MOSCOW (Sputnik) — On Friday, an individual identified as local resident Yassin Salhi, caused an explosion by driving a car into a warehouse filled with canisters containing gas at a US-owned gas factory near France's second-largest city of Lyon.
A decapitated body and an Islamist flag were found by the investigators at the scene of the incident. A man's head was recovered nearby, covered with Arabic inscriptions.
"Yassine S. had established ties with Salafi movement of Lyon," Francois Molins, the Paris prosecutor, said later in the day at a press conference.
He added that the suspect was the subject of an arrest warrant between 2006 and 2008 due to the ties with radical Islamists.
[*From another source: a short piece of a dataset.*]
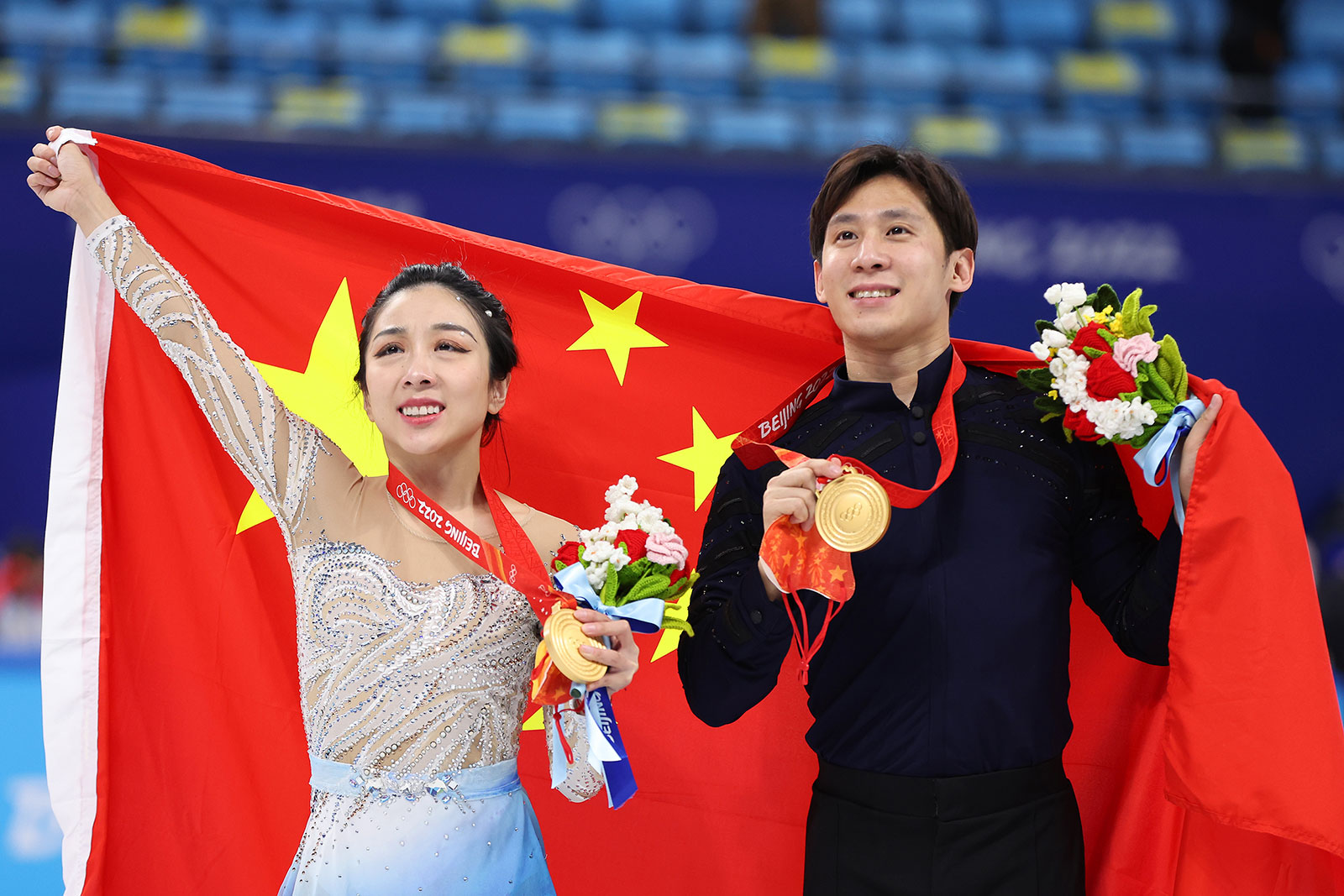 Chinese skating duo Sui Wenjing and Han Cong pose during the medal ceremony following the pairs free skating event on February 19.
According to the official, between 2011 and 2014, Yassin Salhi was under intelligence service surveillance.
The attack triggered an active political discussion inside the country, still on high terror alert after the deadly January Charlie Hebdo attack in Paris.
“France faces an extremely high risk of terrorism,” French Minister of the Interior Bernard Cazeneuve said Friday on local television.
The leader of France's right-wing National Front party Marine Le Pen stressed that marches, slogans and declarations must "give way to action" to stop Islamic fundamentalism.
"Nothing has been done for years against Islamic fundamentalism… [I call for] firm and strong measures taken immediately to defeat Islamism," Le Pen, the leader of the third-largest political party in France, said in a statement following the assault.
President Francois Hollande stressed that France "will never give in to fear." He added that the country will protect its values, fighting to eradicate those responsible for such acts.